### Exercise instructions
Using the records that follow, copy every line containing the word "Paris".

(Stored records)
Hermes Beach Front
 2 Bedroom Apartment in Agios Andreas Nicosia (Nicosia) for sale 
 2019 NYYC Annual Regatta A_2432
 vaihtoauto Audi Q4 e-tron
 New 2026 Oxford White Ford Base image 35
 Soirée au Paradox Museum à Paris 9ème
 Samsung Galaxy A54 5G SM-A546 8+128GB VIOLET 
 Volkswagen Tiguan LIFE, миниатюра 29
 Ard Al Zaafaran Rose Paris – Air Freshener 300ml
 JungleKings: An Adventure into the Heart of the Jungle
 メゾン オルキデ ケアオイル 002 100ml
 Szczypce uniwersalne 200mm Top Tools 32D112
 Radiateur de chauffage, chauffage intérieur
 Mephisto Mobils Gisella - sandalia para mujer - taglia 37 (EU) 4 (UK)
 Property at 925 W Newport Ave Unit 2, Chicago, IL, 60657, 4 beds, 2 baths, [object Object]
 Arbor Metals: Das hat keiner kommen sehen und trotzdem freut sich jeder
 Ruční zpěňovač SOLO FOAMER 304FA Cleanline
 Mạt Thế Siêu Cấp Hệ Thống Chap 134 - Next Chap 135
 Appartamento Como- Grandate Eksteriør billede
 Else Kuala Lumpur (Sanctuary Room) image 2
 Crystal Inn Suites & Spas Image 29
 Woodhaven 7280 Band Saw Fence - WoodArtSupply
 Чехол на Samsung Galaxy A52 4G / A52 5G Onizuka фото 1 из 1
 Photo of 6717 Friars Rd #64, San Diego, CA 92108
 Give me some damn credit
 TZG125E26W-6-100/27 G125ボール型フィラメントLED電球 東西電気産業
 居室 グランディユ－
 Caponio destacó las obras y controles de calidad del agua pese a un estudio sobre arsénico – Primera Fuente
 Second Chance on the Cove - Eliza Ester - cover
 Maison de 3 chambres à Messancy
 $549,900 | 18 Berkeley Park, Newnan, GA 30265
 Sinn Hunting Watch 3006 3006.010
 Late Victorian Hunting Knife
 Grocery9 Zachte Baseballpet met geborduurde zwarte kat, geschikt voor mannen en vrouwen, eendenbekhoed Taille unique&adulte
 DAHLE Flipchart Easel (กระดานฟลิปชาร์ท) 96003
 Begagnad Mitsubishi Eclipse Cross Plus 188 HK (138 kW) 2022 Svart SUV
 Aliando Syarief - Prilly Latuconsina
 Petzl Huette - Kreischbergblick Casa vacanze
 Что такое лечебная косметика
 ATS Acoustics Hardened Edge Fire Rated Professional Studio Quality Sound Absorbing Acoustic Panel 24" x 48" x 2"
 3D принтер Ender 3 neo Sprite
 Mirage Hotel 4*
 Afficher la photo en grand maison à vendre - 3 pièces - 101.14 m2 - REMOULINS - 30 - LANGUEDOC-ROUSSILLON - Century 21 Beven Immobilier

### Exercise result
 Soirée au Paradox Museum à Paris 9ème
 Ard Al Zaafaran Rose Paris – Air Freshener 300ml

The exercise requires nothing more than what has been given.